- _Data listing_:
☆ ☆ ☆ ☆ ☆ ☆ ☆
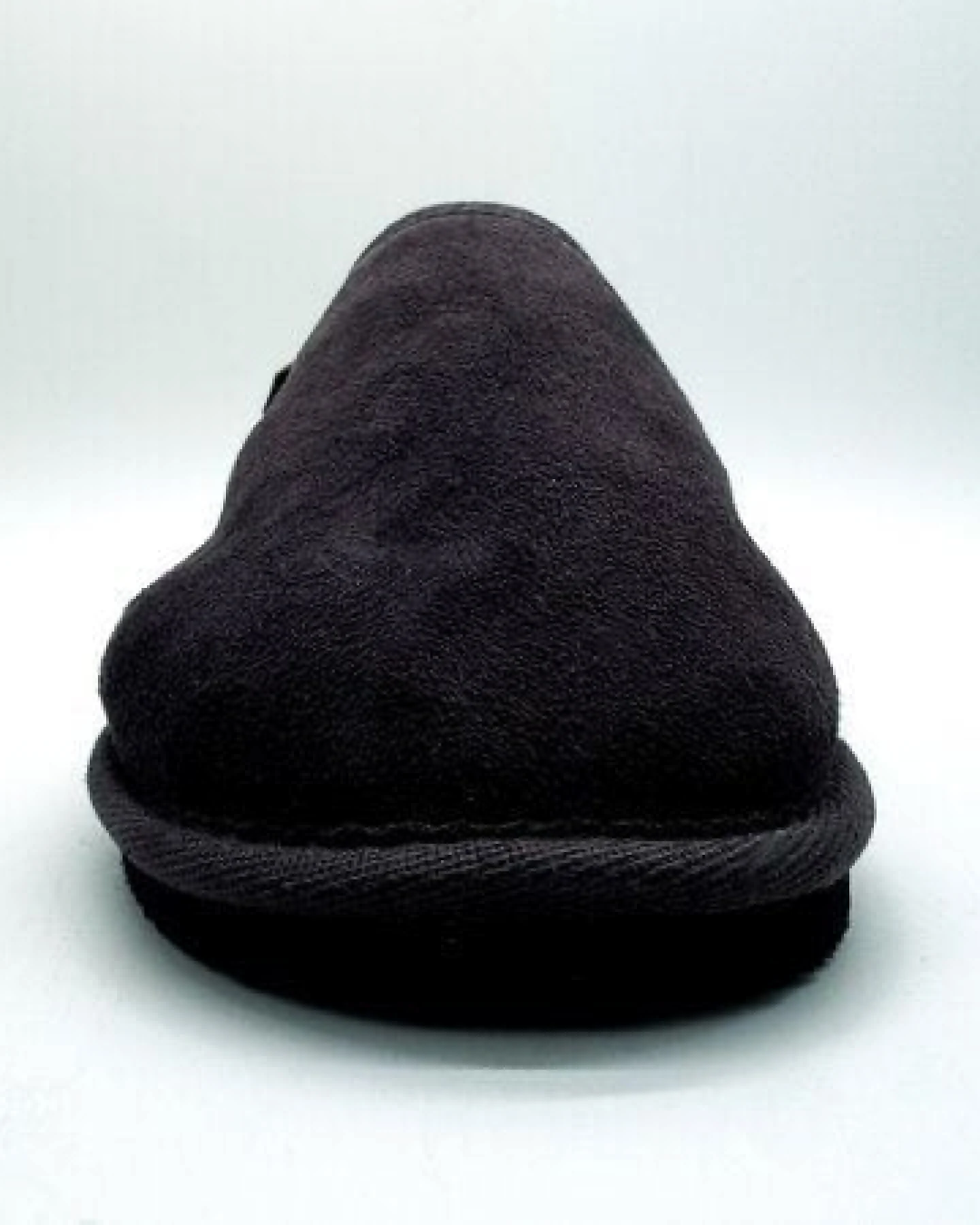 thies 1856 ® Comfozy Slipper aus Schaffell – Ansicht 4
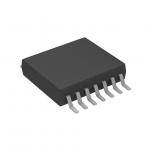 LM34966QPWPRQ1 for sale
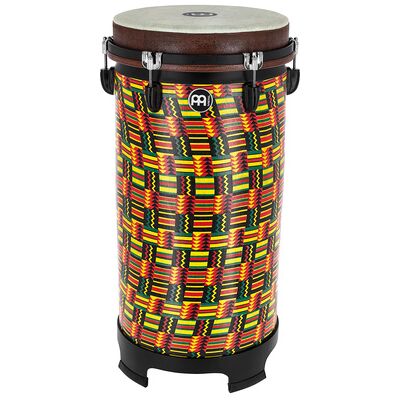 Meinl "12" Conga Simbra" Simbra Meinl "12" Conga Simbra" Simbra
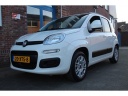 fiat-panda-09-twinair-lounge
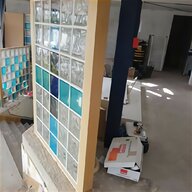 glass blocks for sale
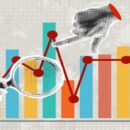 Is AI That Important? 500+ L&D Pros And Vendors Weigh In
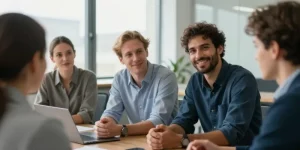 marque employeur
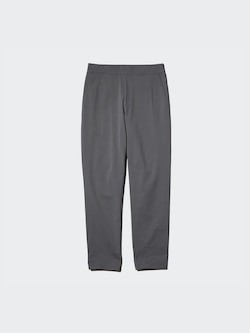 Ultra Stretch DRY-EX Tapered Pants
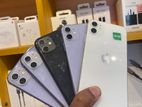 Apple iPhone 11 256GB (Used)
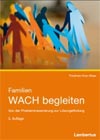 Kron-Klees: Familien wach begleiten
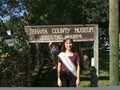 TehamaCountyMuseumJubilee199803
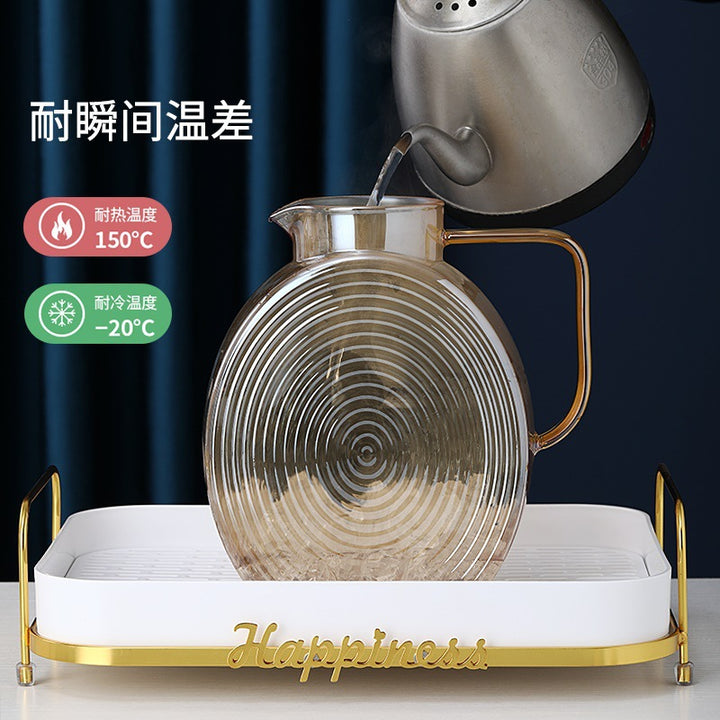 Essential Kitchen Dining - ZYL-0743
☆ ☆ ☆ ☆ ☆ ☆ ☆
- _Task objective_:
Set down word for word every line from the line containing "Ultra Stretch DRY-EX Tapered Pants" through the last line of the entries, and nothing more; no pictures.

- _Exercise result_:
 Ultra Stretch DRY-EX Tapered Pants
 Apple iPhone 11 256GB (Used)
 Kron-Klees: Familien wach begleiten
 TehamaCountyMuseumJubilee199803
 Essential Kitchen Dining - ZYL-0743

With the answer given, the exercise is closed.